## ACTION ITEM
Using the data below, restate exactly every line from the one with "مصباح جداري دائري" up to and including the one with "To Mom-To My Mother Love knot Necklace". No picture belongs in it.

## TASK MATERIAL
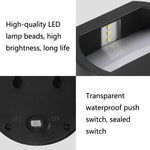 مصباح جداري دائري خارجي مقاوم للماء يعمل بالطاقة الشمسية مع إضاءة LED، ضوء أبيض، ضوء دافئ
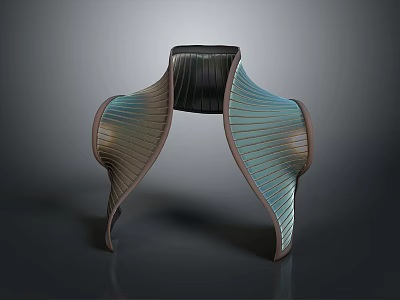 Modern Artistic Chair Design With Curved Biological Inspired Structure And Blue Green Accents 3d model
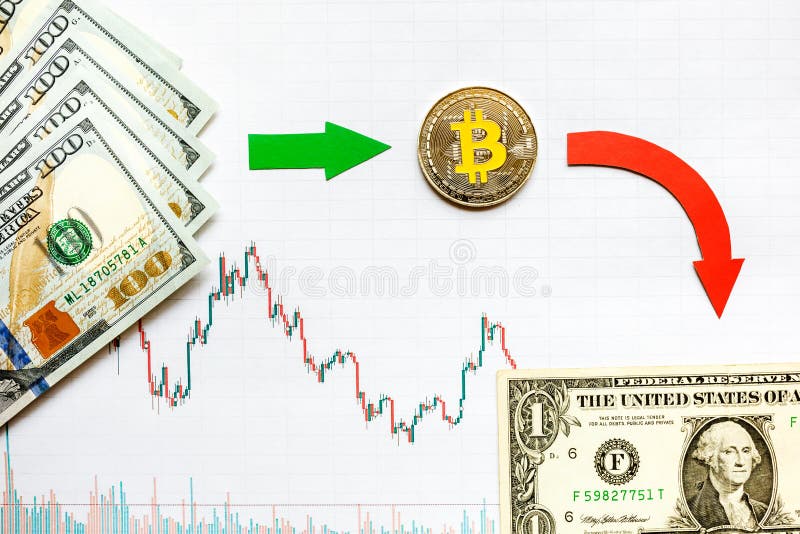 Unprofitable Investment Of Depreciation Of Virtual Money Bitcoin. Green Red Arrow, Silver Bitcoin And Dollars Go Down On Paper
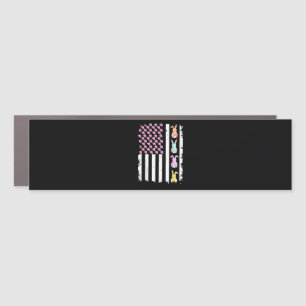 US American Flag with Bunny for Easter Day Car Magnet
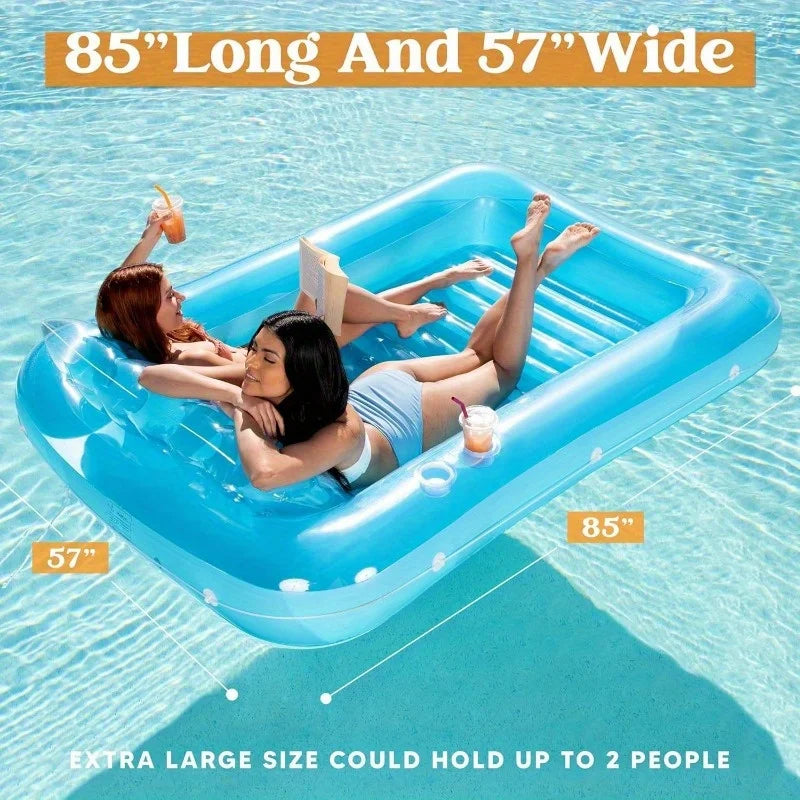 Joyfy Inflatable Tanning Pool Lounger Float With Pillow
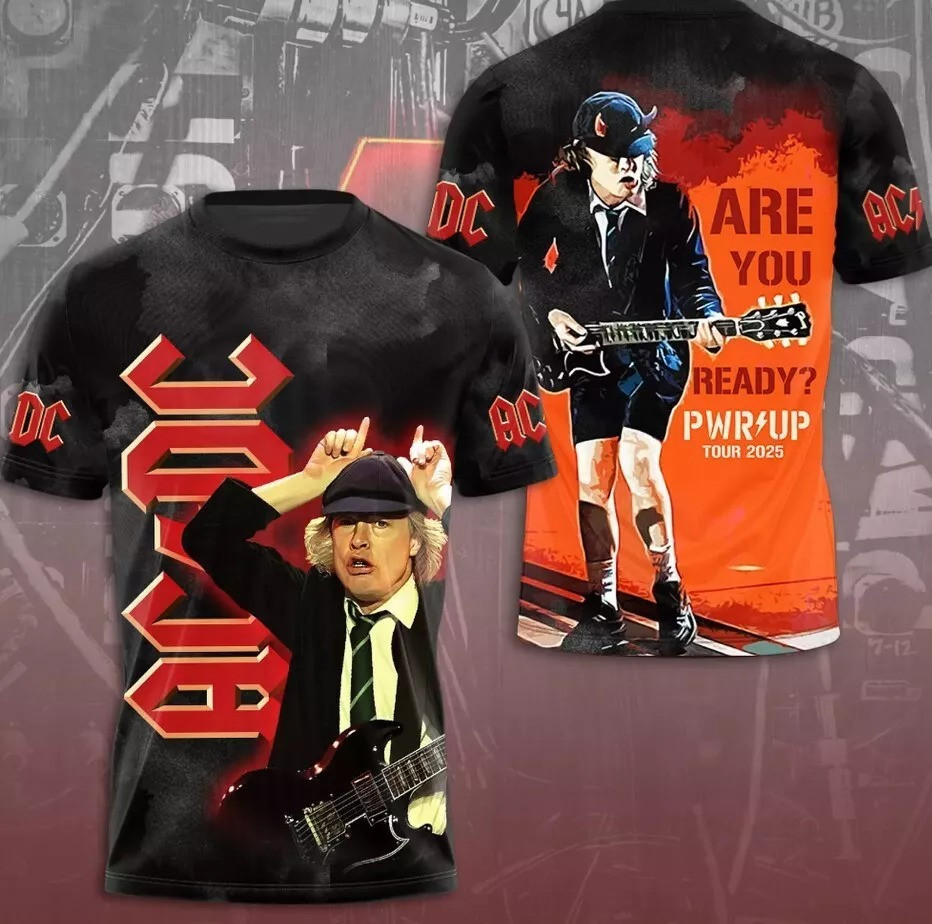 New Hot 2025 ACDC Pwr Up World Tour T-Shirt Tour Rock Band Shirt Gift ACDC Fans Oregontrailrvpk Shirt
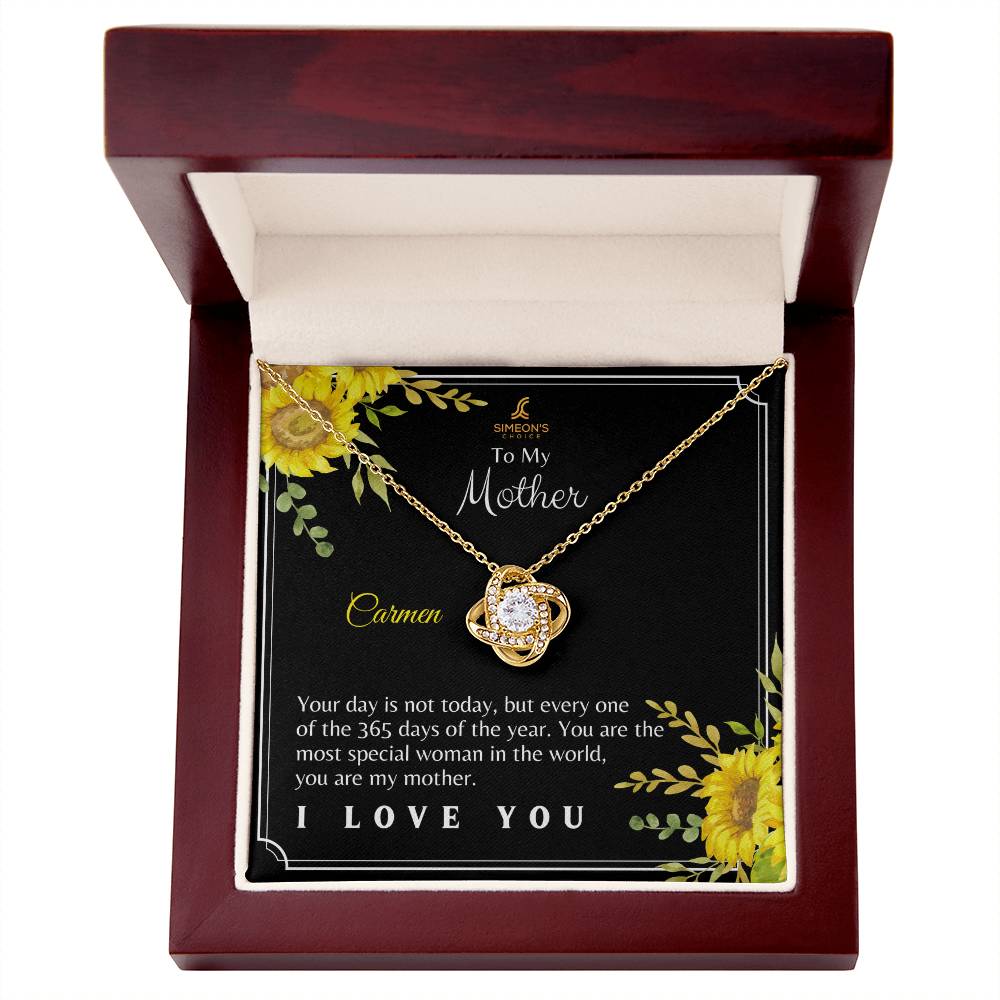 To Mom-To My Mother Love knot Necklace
...
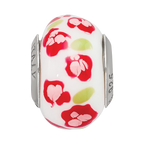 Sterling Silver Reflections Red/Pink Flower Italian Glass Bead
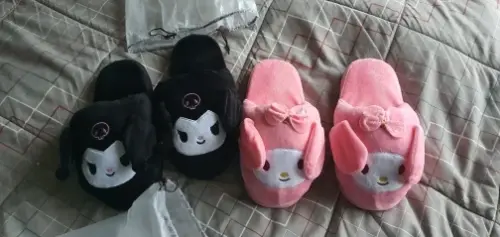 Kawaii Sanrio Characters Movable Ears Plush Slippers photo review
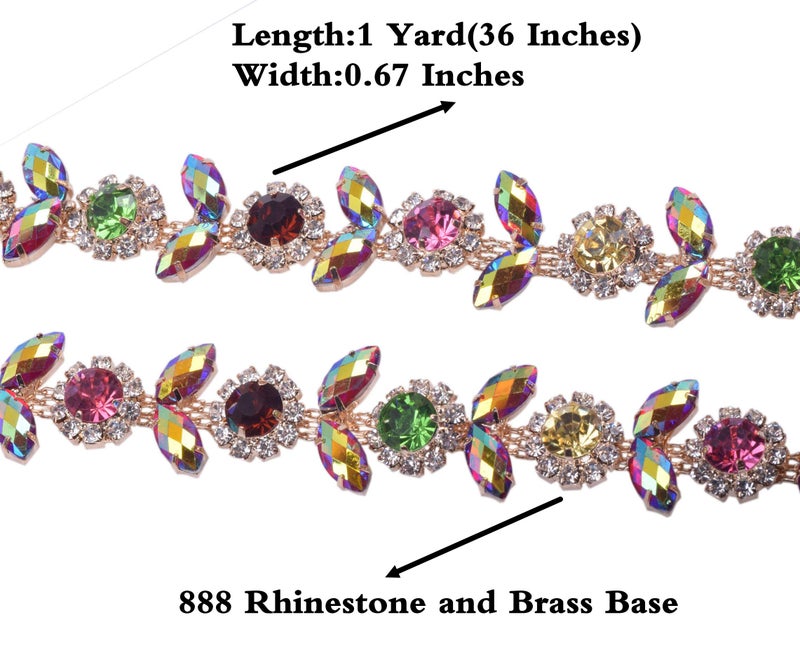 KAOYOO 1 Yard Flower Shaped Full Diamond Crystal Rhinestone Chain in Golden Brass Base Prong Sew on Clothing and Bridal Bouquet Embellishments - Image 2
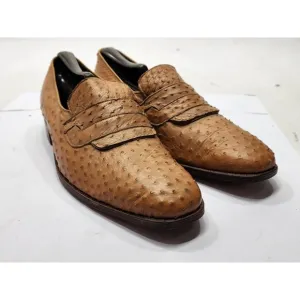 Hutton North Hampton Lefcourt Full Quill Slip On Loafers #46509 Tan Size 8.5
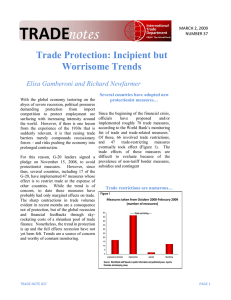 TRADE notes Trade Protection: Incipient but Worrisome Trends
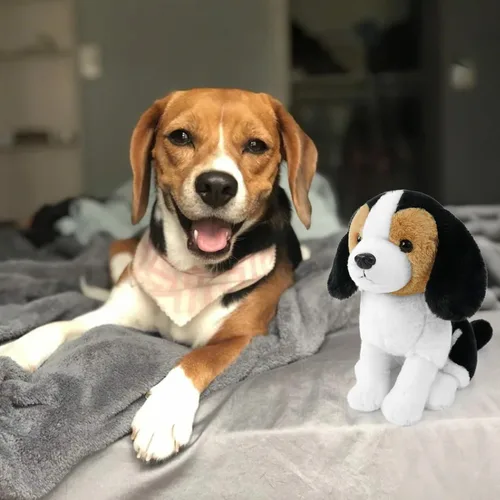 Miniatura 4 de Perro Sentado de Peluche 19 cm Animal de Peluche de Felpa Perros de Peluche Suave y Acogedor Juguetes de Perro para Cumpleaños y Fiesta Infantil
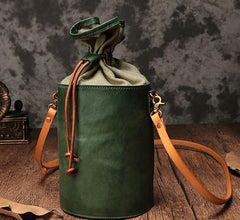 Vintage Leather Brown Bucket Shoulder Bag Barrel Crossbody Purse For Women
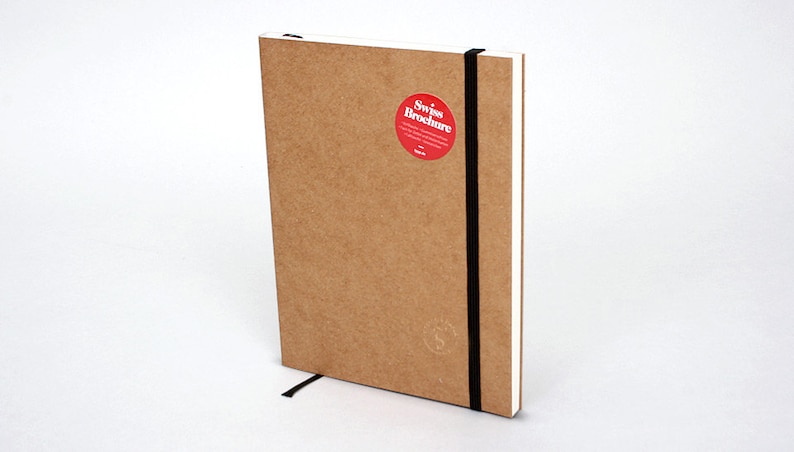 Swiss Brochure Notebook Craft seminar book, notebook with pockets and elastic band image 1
==
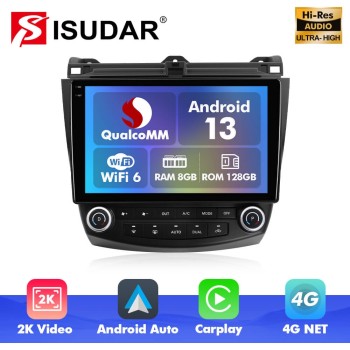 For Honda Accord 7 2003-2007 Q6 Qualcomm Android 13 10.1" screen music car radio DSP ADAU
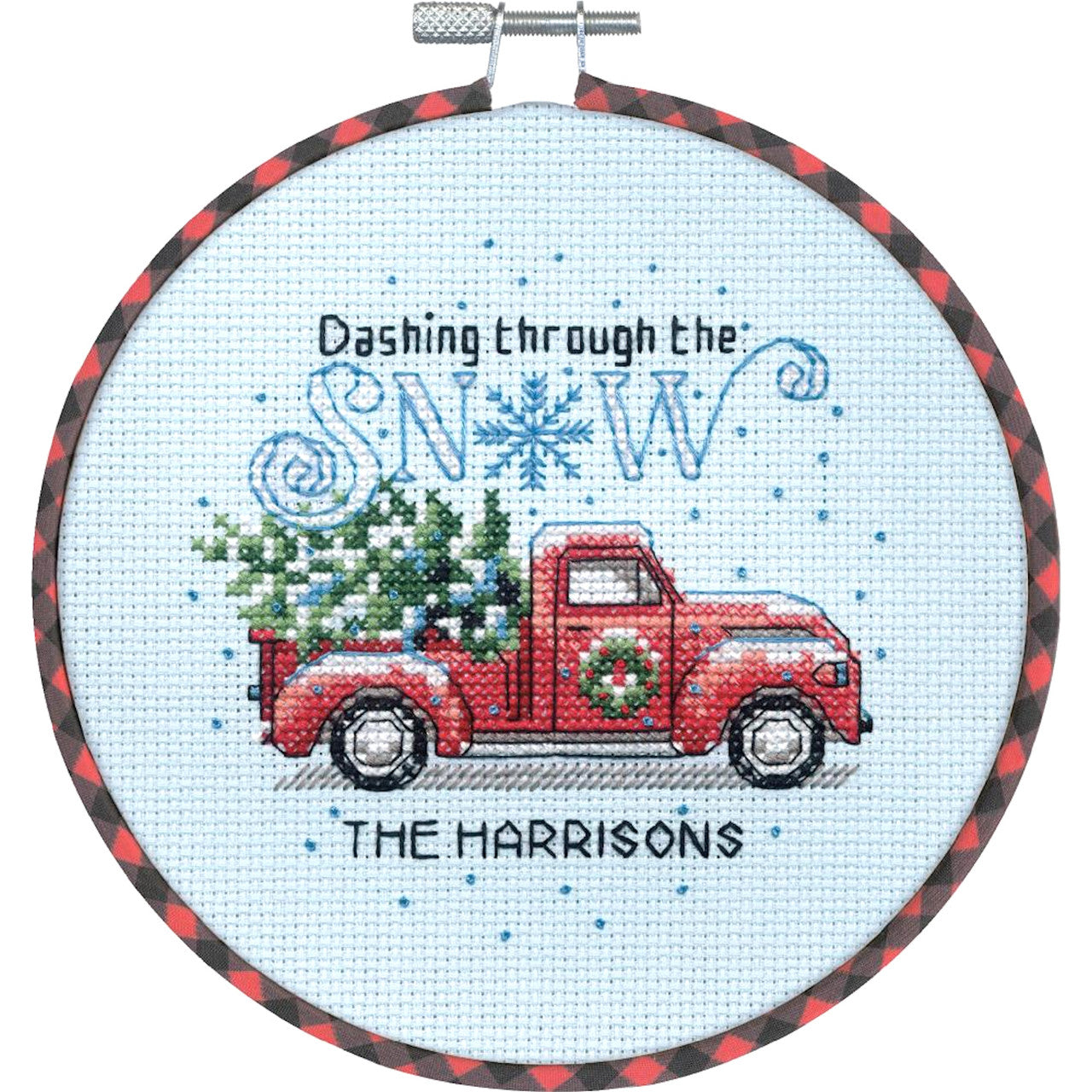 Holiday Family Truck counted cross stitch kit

## EXERCISE RESULT
 مصباح جداري دائري خارجي مقاوم للماء يعمل بالطاقة الشمسية مع إضاءة LED، ضوء أبيض، ضوء دافئ
 Modern Artistic Chair Design With Curved Biological Inspired Structure And Blue Green Accents 3d model
 Unprofitable Investment Of Depreciation Of Virtual Money Bitcoin. Green Red Arrow, Silver Bitcoin And Dollars Go Down On Paper
 US American Flag with Bunny for Easter Day Car Magnet
 Joyfy Inflatable Tanning Pool Lounger Float With Pillow
 New Hot 2025 ACDC Pwr Up World Tour T-Shirt Tour Rock Band Shirt Gift ACDC Fans Oregontrailrvpk Shirt
 To Mom-To My Mother Love knot Necklace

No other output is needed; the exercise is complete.